Starting at the first line and ending at the one with "This is the Christmas", give the lines of the listing again exactly, and nothing else; skip the pictures.

• _Supplied data_
┄┄┄┄┄┄

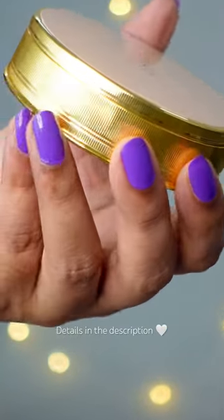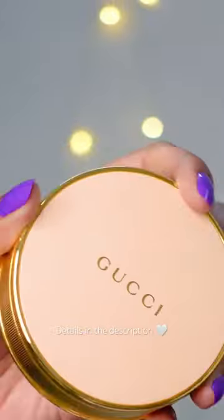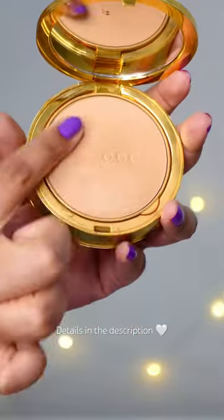Let's look at the Gucci compact powder. This is what the outer packaging looks like. So luxe, right? Straight out of a Disney movie.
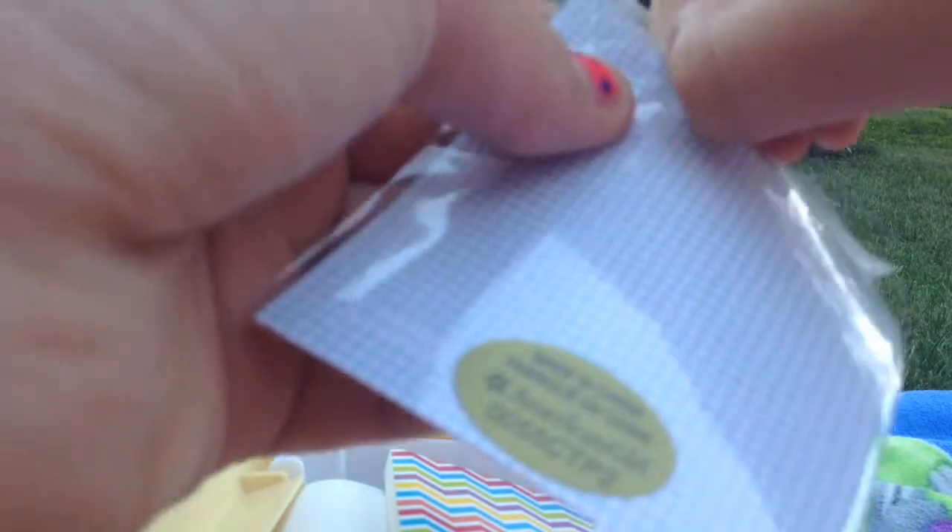The next thing we have is the graph paper. It's the same thing as the lined paper except it has square boxes. It comes with three — one, two, three. Yes! This paper is very cute and I really like it.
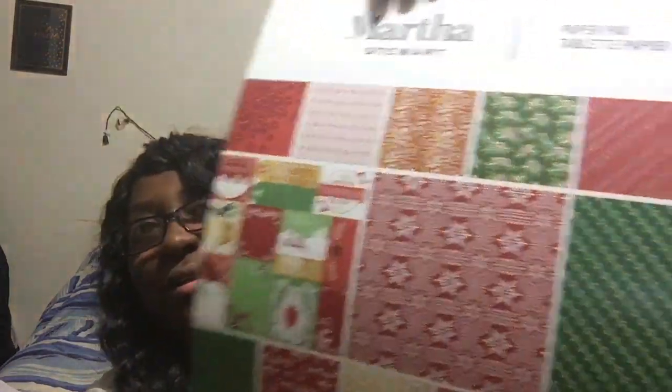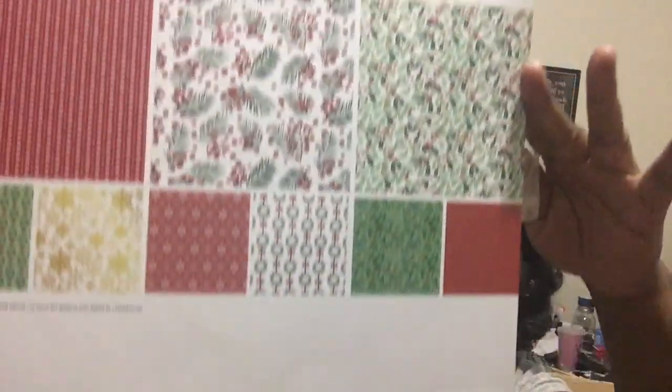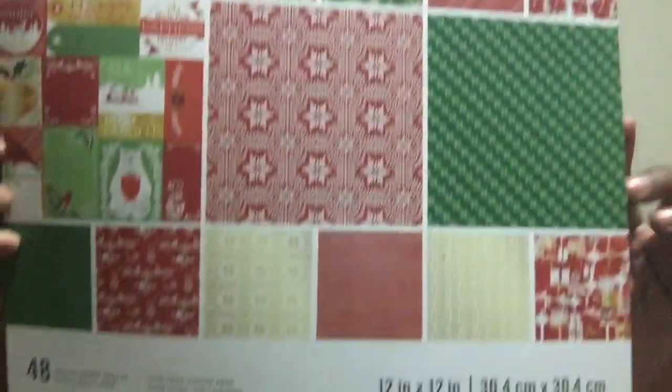This is the Christmas one and it has 48 sheets. It's great for doing Christmas pocket letters and memory deck cards. This is the pattern it has, and I think it was $9.99.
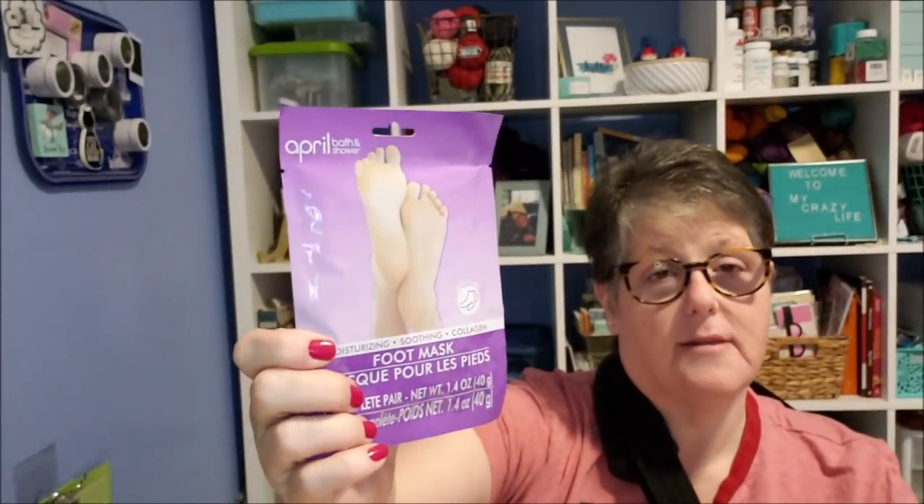I did like the moisturizing foot mask version though. Same process — put it on, add a sock over it, leave on for 30 minutes. It's a moisturizing soothing collagen mask and I enjoyed it a lot. I'm diabetic with very dry feet, so it was really helpful. I would definitely buy these again — this is my last one.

┄┄┄┄┄┄

• _Written response_
Let's look at the Gucci compact powder. This is what the outer packaging looks like. So luxe, right? Straight out of a Disney movie.
The next thing we have is the graph paper. It's the same thing as the lined paper except it has square boxes. It comes with three — one, two, three. Yes! This paper is very cute and I really like it.
This is the Christmas one and it has 48 sheets. It's great for doing Christmas pocket letters and memory deck cards. This is the pattern it has, and I think it was $9.99.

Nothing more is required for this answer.